Look in the material below for the line holding "Christ supported by". Set it down exactly, with each later line up to and including the line holding "New Chinese style".

**Records supplied:**
>>>

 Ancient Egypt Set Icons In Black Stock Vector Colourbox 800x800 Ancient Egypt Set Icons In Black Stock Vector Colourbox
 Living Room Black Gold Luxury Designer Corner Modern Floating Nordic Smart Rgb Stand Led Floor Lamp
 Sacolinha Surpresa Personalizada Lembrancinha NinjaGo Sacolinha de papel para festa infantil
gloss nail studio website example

<<<
>>>

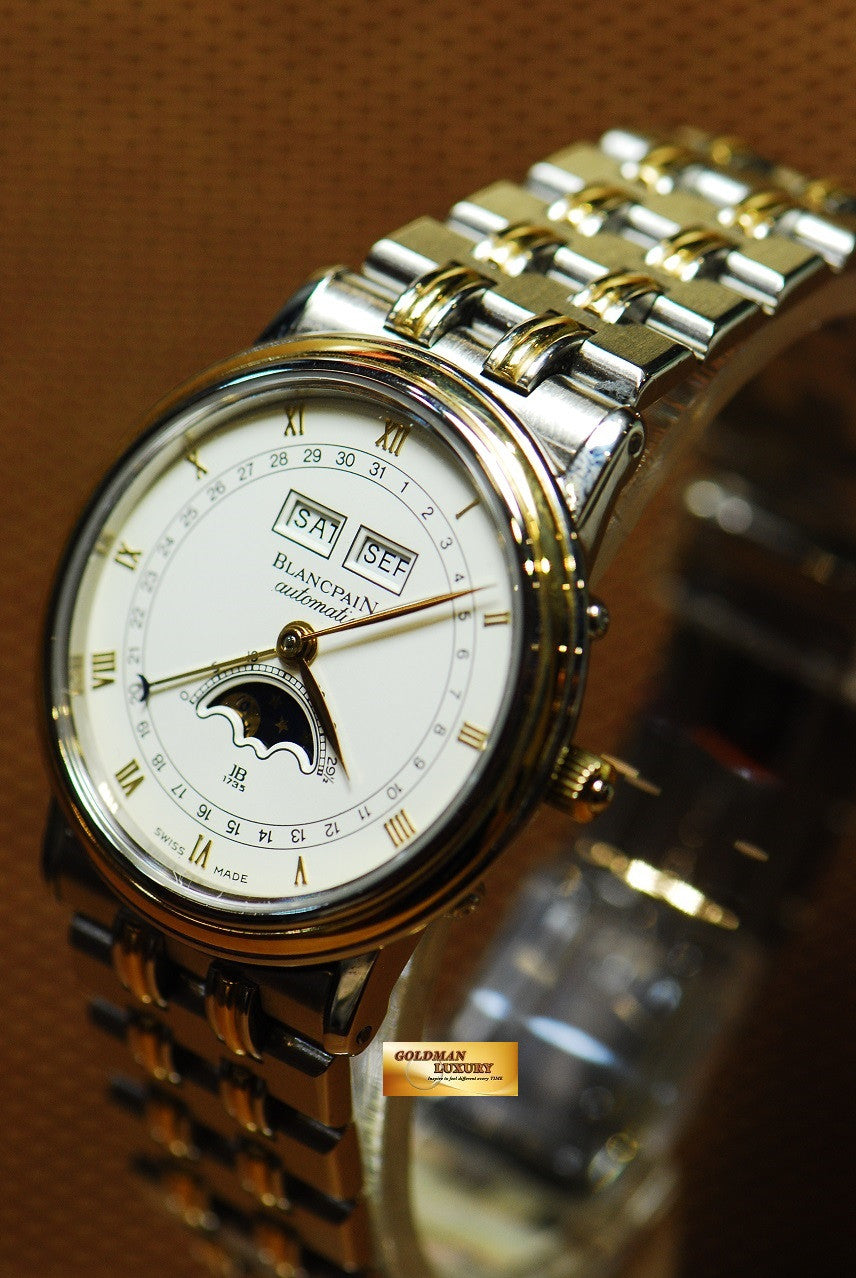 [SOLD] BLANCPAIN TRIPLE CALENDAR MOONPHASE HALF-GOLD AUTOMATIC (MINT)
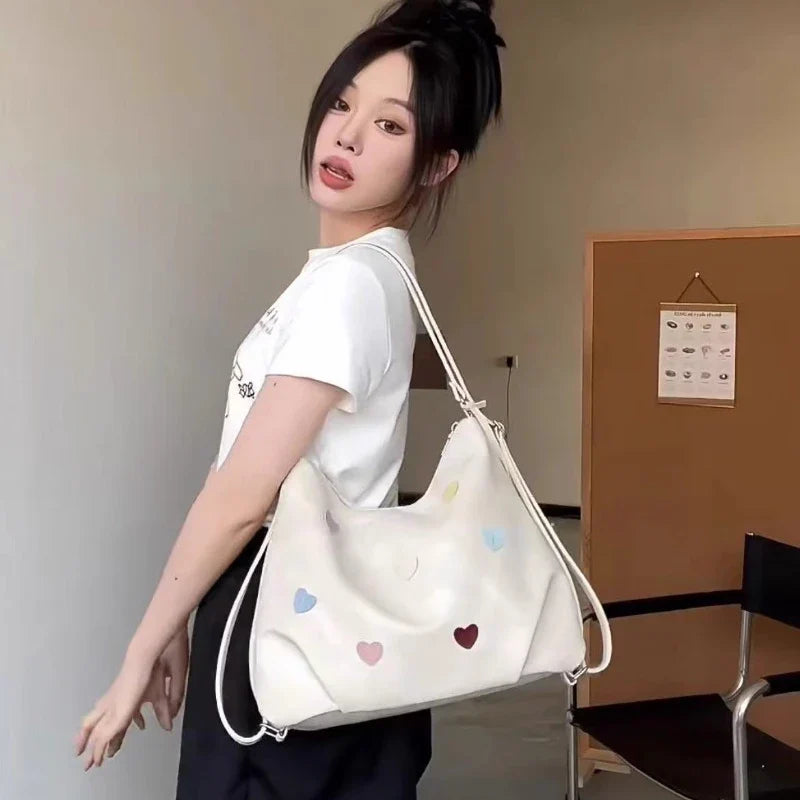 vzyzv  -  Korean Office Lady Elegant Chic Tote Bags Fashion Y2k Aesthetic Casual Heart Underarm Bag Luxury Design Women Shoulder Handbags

<<<
>>>

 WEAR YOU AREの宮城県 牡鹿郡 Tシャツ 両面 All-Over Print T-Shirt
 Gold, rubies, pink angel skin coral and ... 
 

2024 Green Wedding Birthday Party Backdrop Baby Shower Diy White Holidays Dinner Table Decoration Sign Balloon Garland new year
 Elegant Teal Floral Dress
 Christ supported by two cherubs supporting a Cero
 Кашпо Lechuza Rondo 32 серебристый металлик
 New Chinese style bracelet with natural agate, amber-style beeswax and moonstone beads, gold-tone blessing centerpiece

<<<

**Task solution:**
 Christ supported by two cherubs supporting a Cero
 Кашпо Lechuza Rondo 32 серебристый металлик
 New Chinese style bracelet with natural agate, amber-style beeswax and moonstone beads, gold-tone blessing centerpiece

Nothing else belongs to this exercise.